A context-length-performance trade-off is highlighted in experiments under agent-level GPT-5-Mini judging:
| Step-Only | Raw | Summary | Summary+Step | |
|---|---|---|---|---|
| DyLAN | 86.67% ± 3.34 | 85.56% ± 1.93 | 82.22% ± 5.09 | 86.67% ± 3.34 |
| MaAS | 81.94% ± 2.41 | 80.55% ± 8.67 | 84.72% ± 4.82 | 84.72% ± 6.37 |
Step-Only and summarized contexts are often competitive with full-history, mitigating issues of context noise.
6. Limitations, Open Challenges, and Future Directions
MAS-ProVe finds that reliable process verification remains unresolved. Verification of partial MAS trajectories is an out-of-distribution task for current verifier models; context noise, missing dependencies, and agent output heterogeneity impede scoring reliability.
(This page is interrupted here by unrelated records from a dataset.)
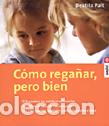 Libros: COMO REGA&Ntilde;AR, PERO BIEN - PALT, Beatrix, - Foto 1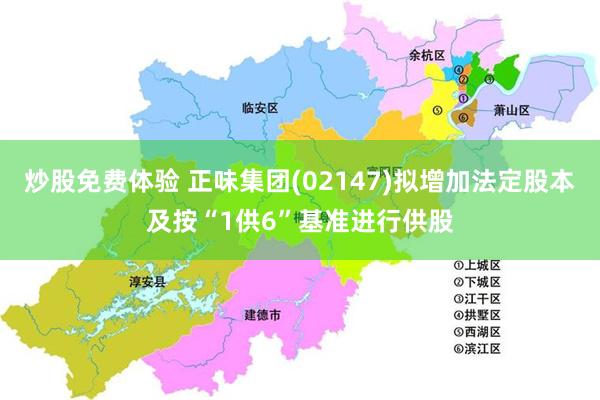 炒股免费体验 正味集团(02147)拟增加法定股本及按“1供6”基准进行供股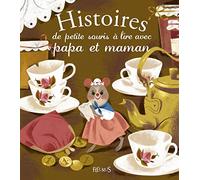 Histoires de petite souris à lire avec papa et maman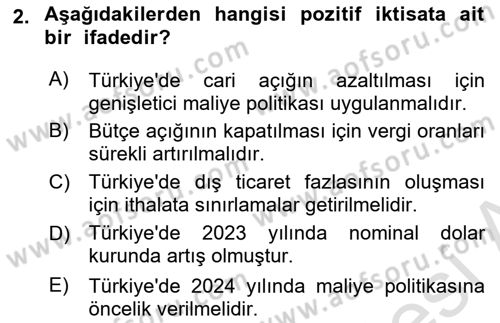 İktisada Giriş Dersi 2024 - 2025 Yılı (Vize) Ara Sınavı 2. Soru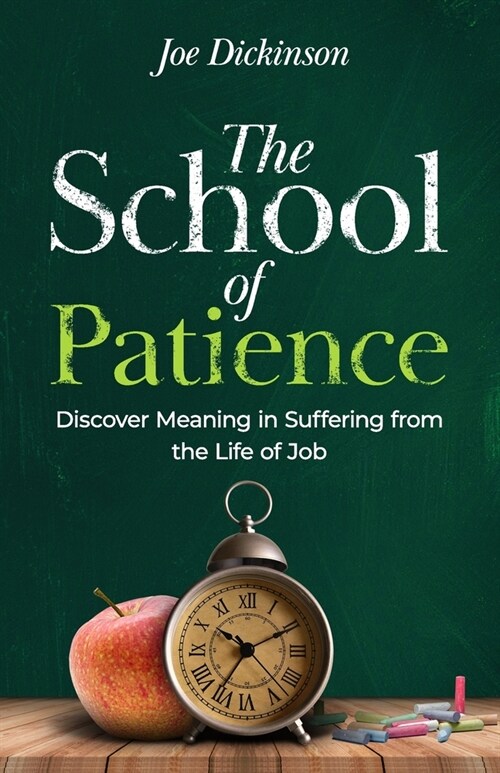 The School of Patience: Discover Meaning in Suffering from the Life of Job (Paperback)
High variance and non-monotonicity are persistent across settings.
Task-specialized judges outperform general LLMs by a modest edge, but the magnitude of this improvement is smaller than the solving gap between single-agent LLMs and verification-augmented MAS, indicating that verification is not the primary bottleneck under current architectures.
Proposed future research avenues include:
- Joint training of verifiers with MAS on actual agent trajectories to address out-of-distribution errors.
- Learning context-selection policies to optimize which trajectory features are provided to the verifier.
- Co-optimization of MAS and verifier architecture, potentially via policy-gradient techniques using verifier feedback signals.
- Development of multi-objective verifiers, extending beyond correctness to include consistency and factuality (Venkataramani et al., 3 Feb 2026).
A plausible implication is that simply transplanting verification strategies from single-agent or final-output settings is inadequate for current-generation LLM-based MAS, and that deeper integration, context selection, and verifier specialization are required for robust gains.